With his new album, ‘Naked Allies’, Irish – Australian tenor and alto saxophonist Daniel Rorke builds a bridge between Dublin, his current base and New York. He joins forces with fellow Dublin musician Matthew Jacobson on drums and New York-based musicians Simon Jermyn on bass and Oscar Noriega, alto sax and bass clarinet. Rorke has lived and worked in Iceland, Norway and Australia playing with Hilmar Jensson, Per Oddvar, Rune Nergaard and Alister Spence to name but a few. Five of the seven tracks on Naked Allies are original compositions by Rorke, the remaining two by frequent collaborator Jacobson. The album was recorded last year at Figure 8 Studios, Brooklyn, New York and is one of the first releases on Orenda Records, a small Southern California based label.
The title track, ‘Naked Allies’, weaves its horn theme intro with precision, two saxes soon alternate solos but there’s a competitive edge here as the exchange becomes a more heated abstract expression before returning to the structure of the introductory riffing.

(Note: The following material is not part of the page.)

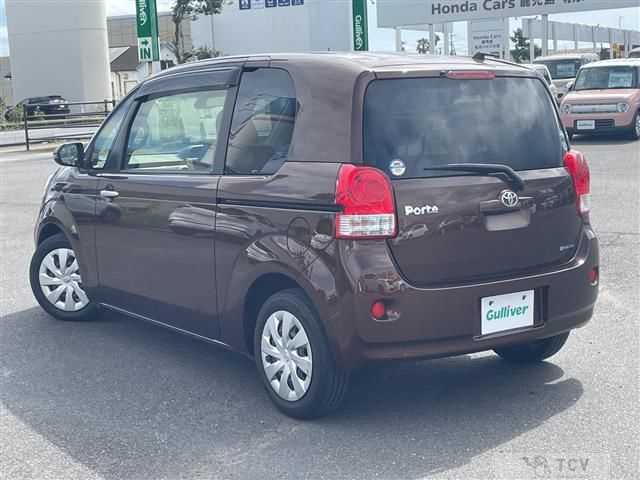 2017 Toyota Porte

All the while the submerged throb of the electric bass gives the piece a satisfying disconnect with what’s going on higher in the register. Jermyn’s bass almost sounds as if it is leaking into the recording from an adjacent studio, giving the tune a uniquely juxtaposed sound.
The second track, ‘I’m Benter’, begins with soothing low key tone and pace. Here the bass sounds more acoustic, sketchy and playful. The drums tap around the sax as it gently ebbs and flows, the whole thing has the atmosphere of the city in the small hours, the sax mimicking the background urban sounds of passing traffic or a distant freight train. Drums and bass increase in volume incrementally picking out a groove.
‘Shitbearder’, an eye catchingly titled song, and probably my favourite, provides an extremely funky variation on the sounds already introduced to us with bass and drums tightly clipped but right on target as they build around the rest of the group. The structure soon breaks down into a freer exploration, there is a sudden and urgent change of pace as the original motif is brought sharply to the fore. The whole thing is concluded rather neatly with a single exhalation from the sax.
‘Bk’, a quiet and sombre track has more of a Nordic feel about it, plenty of percussive rattles and brushes are pleasingly evident but with a hint of Jaco Pastorious style harmonics on the bass. The sax is joined by bass clarinet, deepening the already sombre mood. It’s followed by ‘Dorothy’, which flows almost seamlessly from the previous track. Both saxes build an intensity as the whole atmosphere is transformed with the introduction of the bass which sounds like it’s emanating from the subwoofer of a passing car. I really savoured the way these layers in the music are meshed together.
The record is impressively presented with an enigmatic sleeve illustration which at first glance appears like something from a 60s sci-fi paperback. It is in fact by nineteenth-century French artist and émigré to the US Étienne Léopold Trouvelot and looks quite embryonic but is aptly revealed to be an impression of the planet Mars.
The more I listen to this record the more I like it, especially the way it fuses a 60s jazz feel with Nordic overtones and very contemporary urban undertones. The more abstract inclinations of the players have been finely balanced with enough structure to keep me going back for more.